> [DATASET EXCERPT]
'''

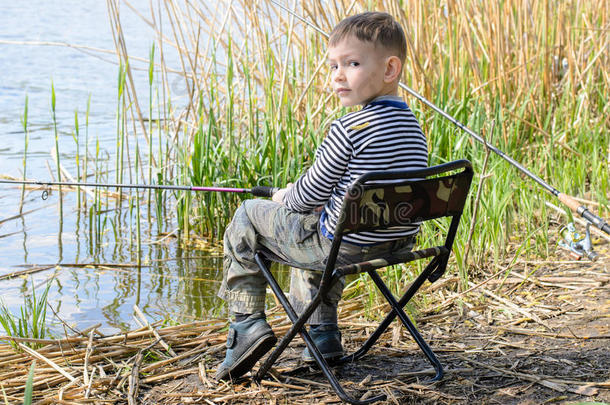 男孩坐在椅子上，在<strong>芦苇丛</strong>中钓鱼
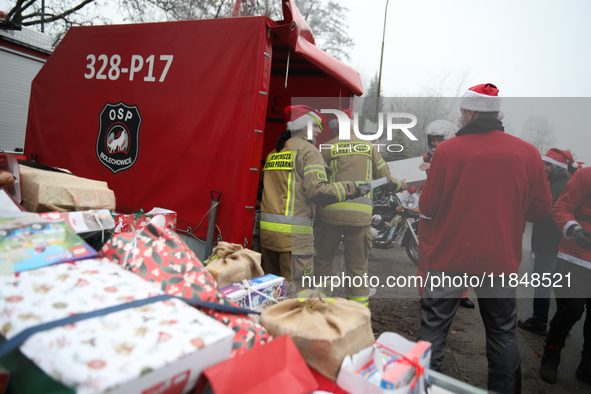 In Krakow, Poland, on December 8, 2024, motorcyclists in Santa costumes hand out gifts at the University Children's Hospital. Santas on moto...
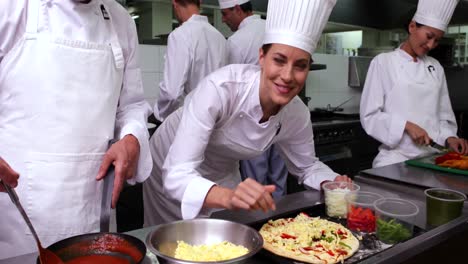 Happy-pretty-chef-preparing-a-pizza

'''

> [TASK DIRECTIONS] Return the material in full and unaltered, minus its pictures.

> [YOUR SOLUTION]
 男孩坐在椅子上，在<strong>芦苇丛</strong>中钓鱼
 In Krakow, Poland, on December 8, 2024, motorcyclists in Santa costumes hand out gifts at the University Children's Hospital. Santas on moto...
 Happy-pretty-chef-preparing-a-pizza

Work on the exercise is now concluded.